Les jaspes sont très employés aujourd’hui dans la fabrication des mosaïques dites de Florence. La France possède d’habiles artisans qui rivalisent avec les Italiens dans la confection de ces incrustations à l’aide desquelles sont reproduits différents motifs artistiques : fleurs, fruits, paysages ou portraits.
Quant à l’onyx, c’est une simple variété d’agate dont le fond a la couleur de la corne (onyx, ongle) et qui présente des zones de diverses couleurs fortement tranchées : blanc, noir, rouge.
Cette pierre a, de tout temps, été très recherchée pour la glyptique. On en faisait des vases de grandes dimensions, des cachets, de grands camées comme celui de la bibliothèque nationale où est figuré le triomphe d’Auguste et celui du musée de Vienne qui représente le même sujet, mais qui est de dimensions plus restreintes que le nôtre. Dans la symbolique chrétienne, l’onyx était le symbole de la chasteté.

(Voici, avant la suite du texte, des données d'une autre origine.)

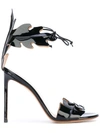 FRANCESCO RUSSO 'Hill' sandals,PATENTLEATHER100%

Les modernes n’ont pas négligé cette belle matière. Notre gravure reproduit une magnifique aiguière Renaissance que l’on peut voir au Louvre, dans une des vitrines de la galerie d’Apollon. Elle est en onyx et surmontée d’une Minerve casquée formant couvercle. La monture et la garniture métallique sont décorées d’émaux aux vives couleurs.